Node.js w/250k concurrent connections!

Okay, I figured it must be possible, so it had to be done..

The sprites server has smashed through the 250k barrier with 250,001 concurrent, active connections. In addition to the stuff talked about in my previous two blog entries, it took a few more optimizations.

1) Latest tagged revision of V8, which appears to perform a little better

The 250k limit is right on the fringe of what this server can pull off without violating the 1.4GB heap limitation in V8. It’s not clear to me why this limitation hasn’t bubbled up in priority enough to be taken care of yet. Just look at those free CPU cycles and unused memory! V8 is a complete bad-ass, and it’s just this one limitation that is holding it back from some really extreme capabilities.
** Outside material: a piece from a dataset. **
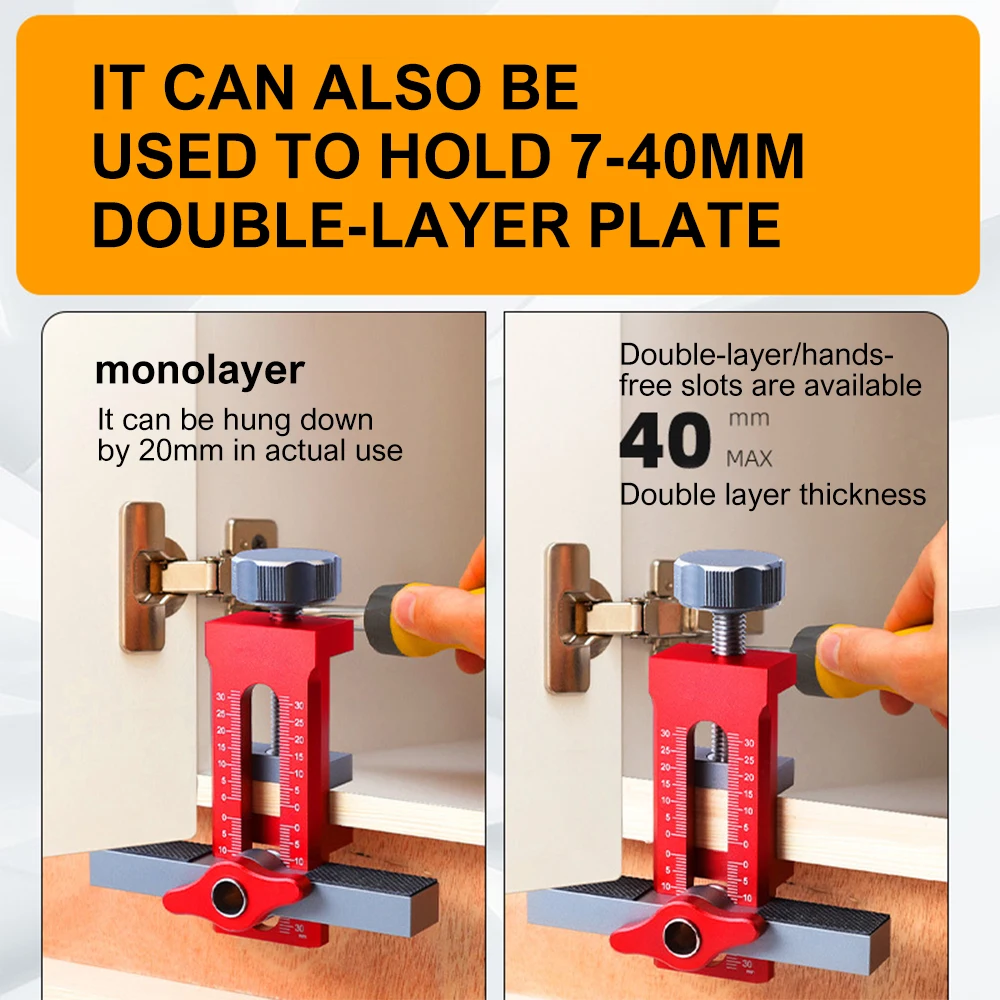 Wardrobe Cabinet Door Panel and Rebounder Punched Mounting Jig Woodworking 10mm Doweling Drilling Guide Locator Installing Clip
I had tried 250k a few times, and couldn’t get it stable until after upgrading the /deps/v8/ directory of Node.js with the latest version tagged in SVN. I was really hoping the 1.4GB limit had been removed, but alas. Instead, just had to settle with some significant improvements to garbage collection and performance in general.

2) Workers via “cluster” module

I figured the onslaught of HTTP GET requests the 100 EC2 servers were unleashing at a rate of 100,000 JSON packets per second was contributing both to CPU and memory consumption, which was agitating the garbage collector enough to resist the 250k mark.

So, to reduce the overhead of these transient requests, which are in addition to the 250k concurrent connections (which really leaves us on average at about 350k connections at any given second, 100k of which are transients), I decided to leverage the cluster module.

The master performs the exact same tasks it did before. Except, now there are workers spawned, one for each CPU on the system, and they listen on a separate port from the master process. This port is used by the clients for these transient requests, and as they arrive they are parsed and forwarded to the master using the Node.js send() function.

The only reason this was a critical adjustment is, again, the 1.4GB heap limitation in V8. Keeping all the resources associated with those requests off the master process saves just enough memory to get past the 250k milestone.

TL;DR – V8, you’re so good, but it’s time for you to support more memory!

Scaling node.js to 100k concurrent connections!

UPDATE: Broke the 250k barrier, too :]

The node.js powered sprites fun continues, with a new milestone:

That’s right, 100,004 active connections! Note the low %CPU and %MEM numbers in the picture. To be fair, the CPU usage does wander between about 5% and 40% – but it’s also not a very beefy box. This is on a $0.12/hr rackspace 2GB cloud server.

Each connection simulates sending a single sprite every 5 seconds. The destination for each sprite is randomize to an equal distribution across all nodes. This means there is traffic of 20,000 sprites per second, which amounts to 40,000 JSON packets per second. This doesn’t even include the keep-alive pings which occur on a 2-minute interval per connection.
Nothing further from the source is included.